[Start of Attachment]

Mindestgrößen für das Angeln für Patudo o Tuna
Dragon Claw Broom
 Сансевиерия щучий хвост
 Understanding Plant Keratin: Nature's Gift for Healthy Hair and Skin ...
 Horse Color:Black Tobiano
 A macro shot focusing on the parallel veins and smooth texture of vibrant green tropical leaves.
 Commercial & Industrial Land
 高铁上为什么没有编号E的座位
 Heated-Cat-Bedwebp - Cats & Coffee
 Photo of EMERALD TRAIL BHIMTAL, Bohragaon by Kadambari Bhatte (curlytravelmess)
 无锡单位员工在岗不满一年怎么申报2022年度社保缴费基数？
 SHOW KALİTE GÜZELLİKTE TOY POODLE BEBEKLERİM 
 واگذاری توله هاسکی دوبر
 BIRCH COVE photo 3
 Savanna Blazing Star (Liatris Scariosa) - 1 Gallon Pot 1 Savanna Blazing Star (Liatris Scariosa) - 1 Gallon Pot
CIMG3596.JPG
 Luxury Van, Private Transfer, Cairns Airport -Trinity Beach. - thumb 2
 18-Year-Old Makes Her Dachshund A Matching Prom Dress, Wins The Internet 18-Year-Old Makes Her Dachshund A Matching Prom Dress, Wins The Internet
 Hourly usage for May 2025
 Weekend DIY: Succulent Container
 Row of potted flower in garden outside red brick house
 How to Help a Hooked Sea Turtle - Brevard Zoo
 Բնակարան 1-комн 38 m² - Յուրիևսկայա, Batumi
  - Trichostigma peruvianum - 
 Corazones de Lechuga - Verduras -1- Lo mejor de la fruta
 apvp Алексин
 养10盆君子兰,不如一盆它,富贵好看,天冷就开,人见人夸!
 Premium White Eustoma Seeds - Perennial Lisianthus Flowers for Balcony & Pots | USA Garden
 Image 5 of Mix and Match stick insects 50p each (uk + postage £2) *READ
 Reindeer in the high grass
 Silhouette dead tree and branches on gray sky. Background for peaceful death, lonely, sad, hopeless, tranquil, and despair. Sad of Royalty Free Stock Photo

[End of Attachment]

Brief. Retype exactly the lines above, from the one with "Heated-Cat-Bedwebp - Cats & Coffee" through the one with "BIRCH COVE photo 3", inclusive.

Response.
 Heated-Cat-Bedwebp - Cats & Coffee
 Photo of EMERALD TRAIL BHIMTAL, Bohragaon by Kadambari Bhatte (curlytravelmess)
 无锡单位员工在岗不满一年怎么申报2022年度社保缴费基数？
 SHOW KALİTE GÜZELLİKTE TOY POODLE BEBEKLERİM 
 واگذاری توله هاسکی دوبر
 BIRCH COVE photo 3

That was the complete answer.